Now we have a Munchie that is covered in goop… cereal in his neck, on his eye… in his hair… and a high chair that appears to have been involved in some sort of epic food battle. Munchie is whisked away and plopped into the bathtub. But… this high chair?!?! The cleaning process starts with me staring at the contraption for a good five minutes, developing a plan of attack. Why did I ever think comfort should be a part of mealtime? What was I thinking when I got the padded one? And these straps? Look at all of those crevices! How will I ever get the goop out? Suggestion… when buying a high chair… just go for the plastic one. I got a cute “upgraded” version… and it’s about to go live in a dumpster.

Today’s plan: Go to Home Depot. Buy a tarp. Put baby on tarp. Feed baby.

5 thoughts on “It’s Dinnertime. Let’s Get Naked.

  1. Buy a hose too while you’re there! Bill Cosby does a routine about this and is positive that all of the nutrients enter the baby through the skin around the mouth and on the chest and lap where the food lands and not actually in the mouth! Have fun!
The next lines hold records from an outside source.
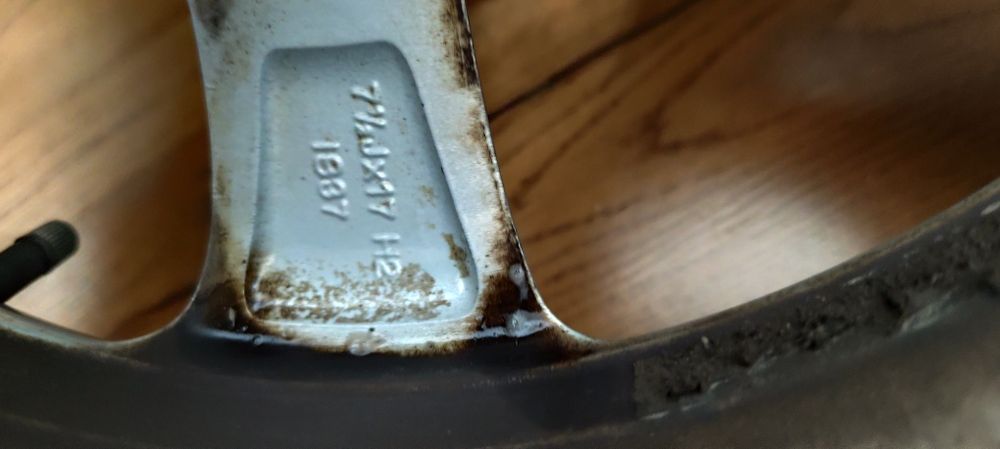 Джанти с гуми за БМВ 225/50/17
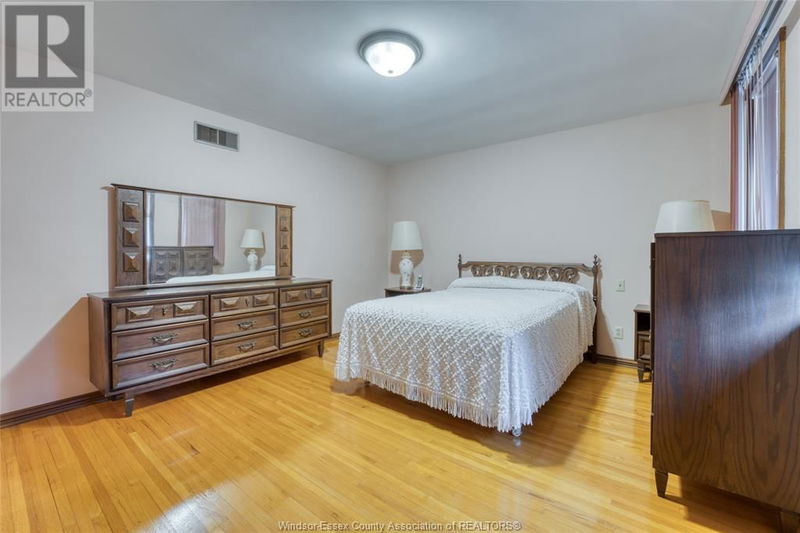 3440 DOUGALL null  Windsor, N9E1T1 | Image 23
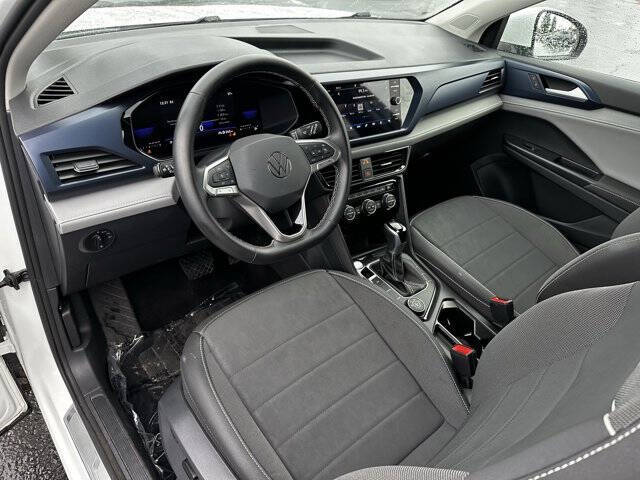 2024 Volkswagen Taos SE 4Motion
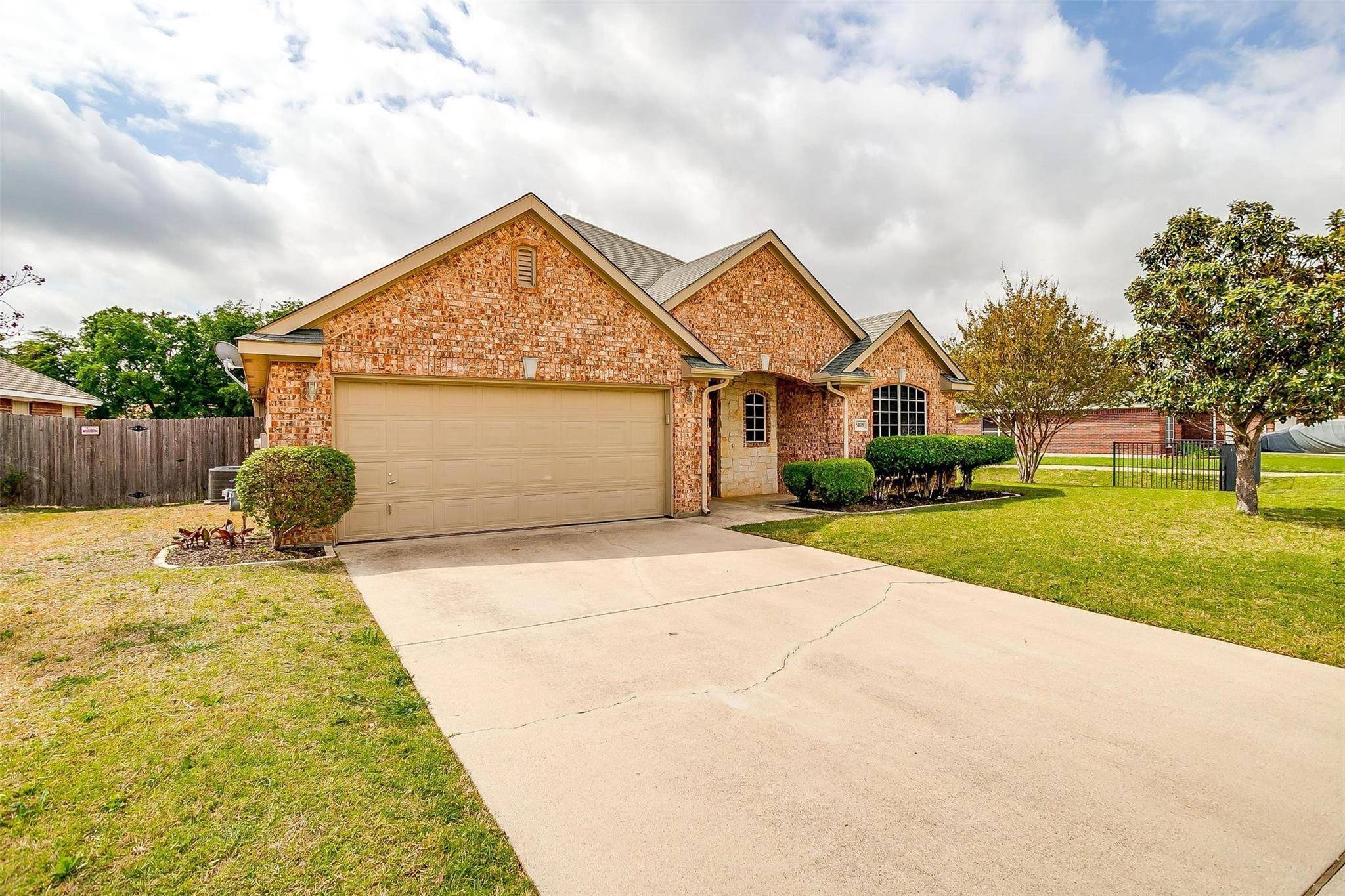 Haltom City, TX 76137,5108 Roundtree Court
  2. You know the cape they put around you when you get your hair cut? Try using one of those at feeding time. It’ll also help if they go to sneeze with food in their mouth. Just pull it up to block the sneeze & prevent Munchie from sneezing his food all over you. It’ll also blanket the high chair to keep it clean. Since they’re plastic they’re easy to rinse off. You can buy ones for kids at the place next to Five Below.

    1. Genius. I just bought one and can’t wait to try it out. I might have to go back and get an adult one for Daddy to wear during dinner. He seems to have trouble keeping food off of his clothes, too. LOL.